David B. Miller (1965)
O God, protect the women who,
In service, faith in thee renew;
O guide devoted hands of skill
And bless their work within thy will;
Inspire their lives that they may be
Examples fair on land and sea.
Lines 1-4, Merle E. Strickland (1972) and
adapted by James D. Shannon (1973)
Lines 5-6, Beatrice M. Truitt (1948)
Creator, Father, who dost show
Thy splendor in the ice and snow,
Bless those who toil in summer light
And through the cold antarctic night,
As they thy frozen wonders learn;
Bless those who wait for their return.
L. E. Vogel (1965)
Eternal Father, Lord of hosts,
Watch o’er the men who guard our coasts.
Protect them from the raging seas
And give them light and life and peace.
Grant them from thy great throne above
The shield and shelter of thy love.
Author unknown
Eternal Father, King of birth,
Who didst create the heaven and earth,
And bid the planets and the sun
Their own appointed orbits run;
O hear us when we seek thy grace
For those who soar through outer space.
J. E. Volonte (1961)
Creator, Father, who first breathed
In us the life that we received,
By power of thy breath restore
The ill, and men with wounds of war.
Bless those who give their healing care,
That life and laughter all may share
. Galen H. Meyer (1969)
Adapted by James D. Shannon (1970)
God, Who dost still the restless foam,
Protect the ones we love at home.
Provide that they should always be
By thine own grace both safe and free.
O Father, hear us when we pray
For those we love so far away.
Hugh Taylor (date Unk)
Lord, guard and guide the men who fly
And those who on the ocean ply;
Be with our troops upon the land,
And all who for their country stand:
Be with these guardians day and night
And may their trust be in thy might.
Author Unknown (1955)
O Father, King of earth and sea,
We dedicate this ship to thee.
In faith we send her on her way;
In faith to thee we humbly pray:
O hear from heaven our sailor’s cry
And watch and guard her from on high!
Author/date Unknown
And when at length her course is run,
Her work for home and country done,
Of all the souls that in her sailed
Let not one life in thee have failed;
But hear from heaven our sailor’s cry,
And grant eternal life on high!
Author/date Unknown
Thanks! USN '66-'70
USN MMM3 1965 to 1969
Happy birthday Navy, and also happy birthday to the Silent Service yesterday!

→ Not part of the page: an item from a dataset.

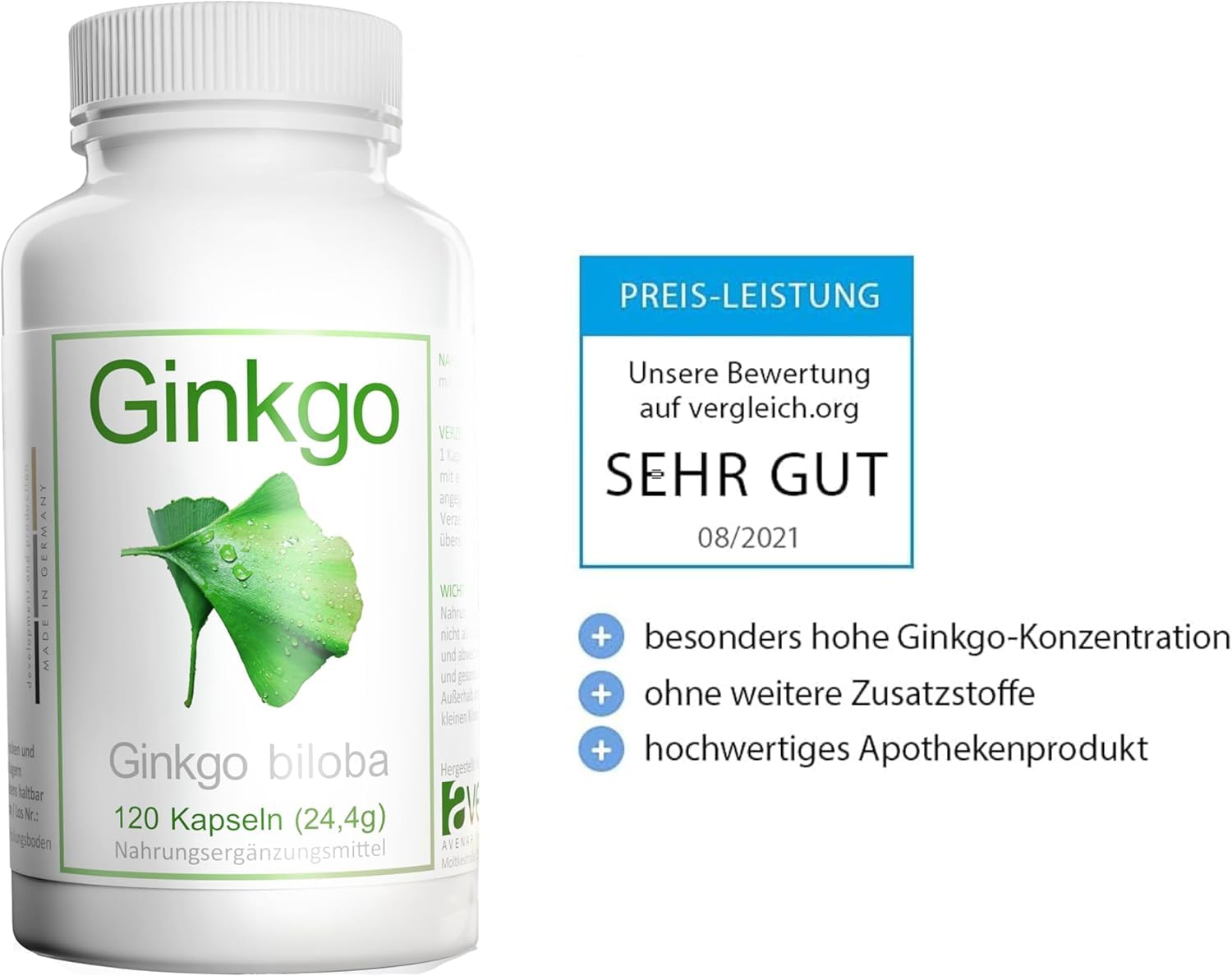Ginkgo biloba Blattpulver 420mg von APOmia | aus der Apotheke | 120 Kapseln 4-Monatspackung | aus 8,4 mg 50:1 Extrakt | hochrein, hochdosiert, natürlich, vegan | Testsieger Note sehr gut.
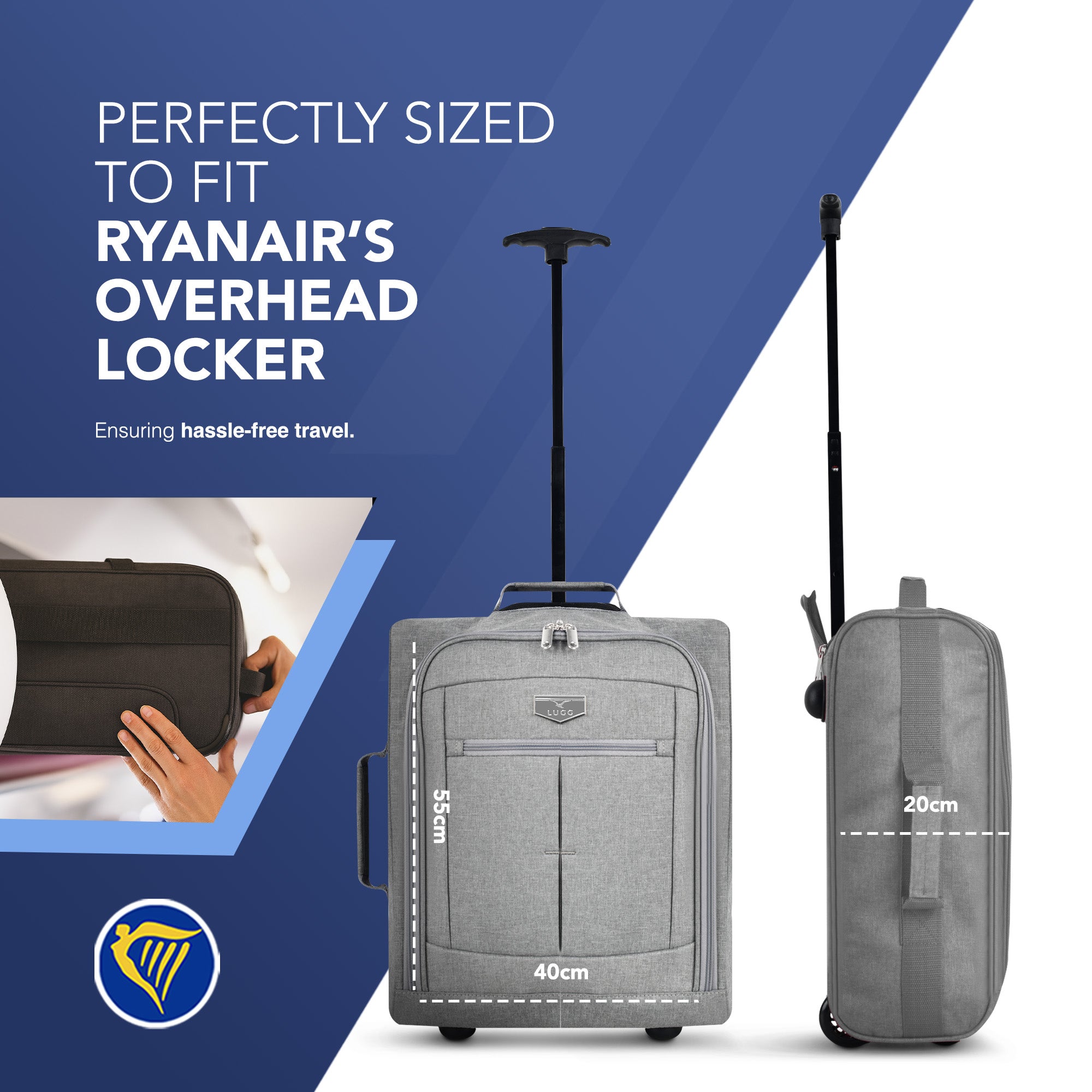 Soft Cabin Bag for Ryanair & EasyJet Priority Overhead Locker - Grey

On Friday, October 13, 1775, meeting in Philadelphia, the Continental Congress voted to fit out two sailing vessels, armed with ten carriage guns, as well as swivel guns, and manned by crews of eighty, and to send them out on a cruise of three months to intercept transports carrying munitions and stores to the British army in America. This was the original legislation out of which the Continental Navy grew and as such constitutes the birth certificate of the navy.
To understand the momentous significance of the decision to send two armed vessels to sea under the authority of the Continental Congress, we need to review the strategic situation in which it was made and to consider the political struggle that lay behind it.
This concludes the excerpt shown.